(Captioned web images)
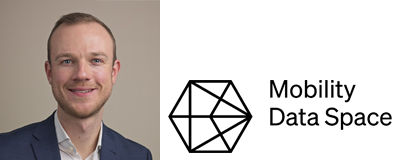 Julius Meyer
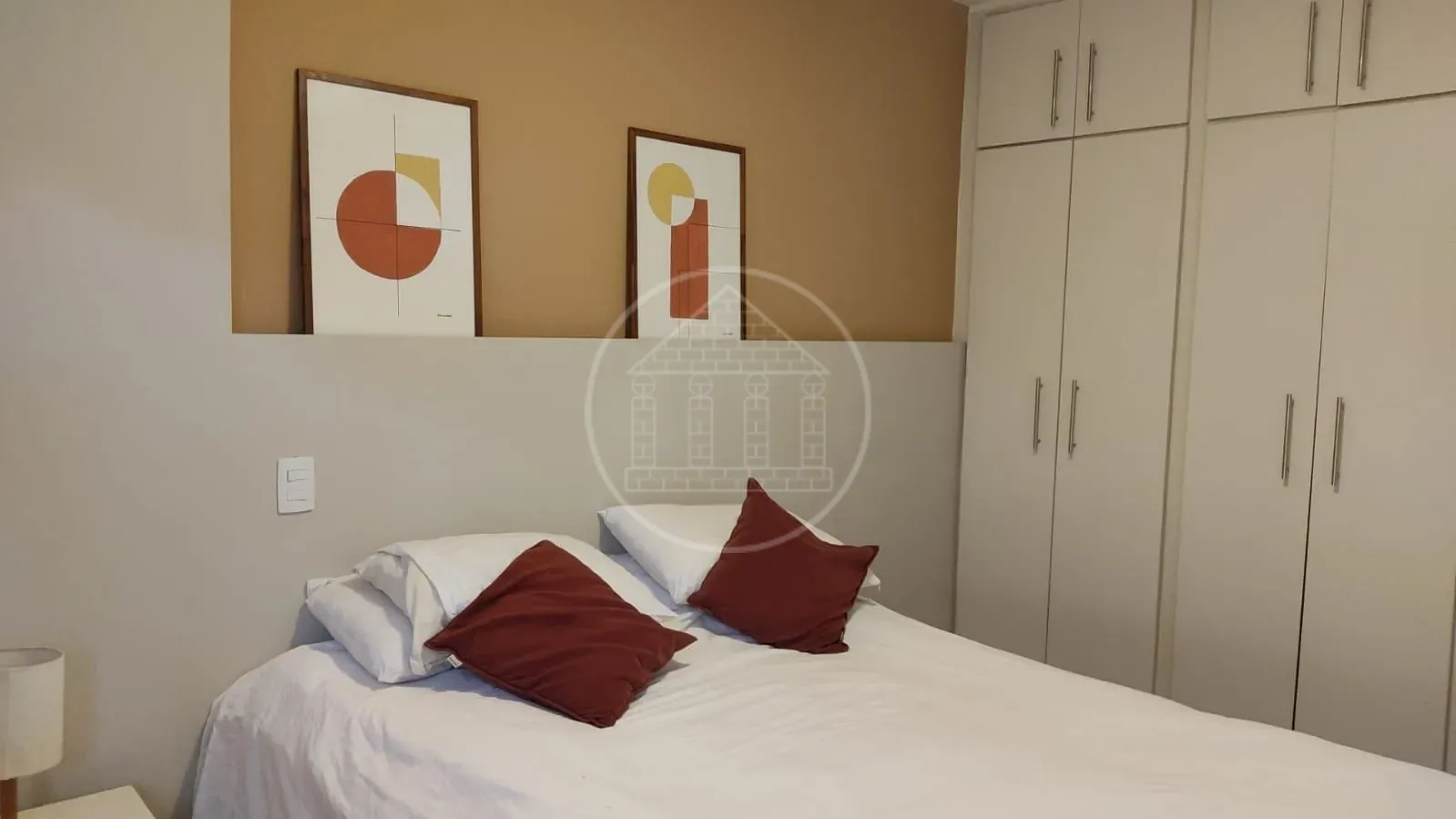 Apartamento, 2 quartos, 84 m² - Foto 14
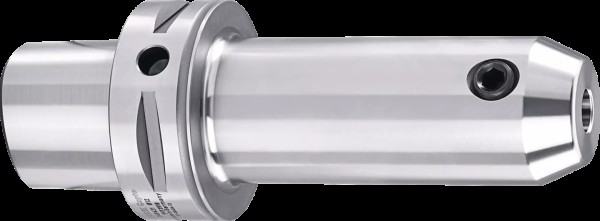 WEL SCAPTO C6 ø8x130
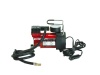 ACA Auto ACA - Air Compressor - 30 LPM Photo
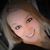 Stephanie Mazzei Higgins's profile image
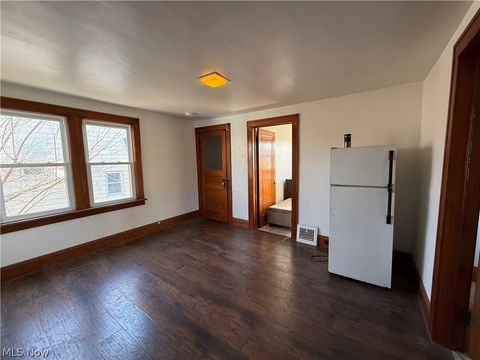 Tiny photo for 18309 Edgerton Road, Cleveland, OH 44119 (MLS # 5202828)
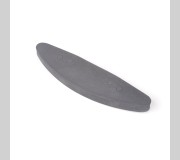 Schumacher U2456 Foam Bumper - Mi1,Fusion,Menace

Work to complete: The line containing "Tiny photo for" marks where the copy ends; print every line before it from the start of the records, and that line too, but no pictures.

Result of this exercise:
 Julius Meyer
 Apartamento, 2 quartos, 84 m² - Foto 14
 WEL SCAPTO C6 ø8x130
 ACA Auto ACA - Air Compressor - 30 LPM Photo
 Stephanie Mazzei Higgins's profile image
 Tiny photo for 18309 Edgerton Road, Cleveland, OH 44119 (MLS # 5202828)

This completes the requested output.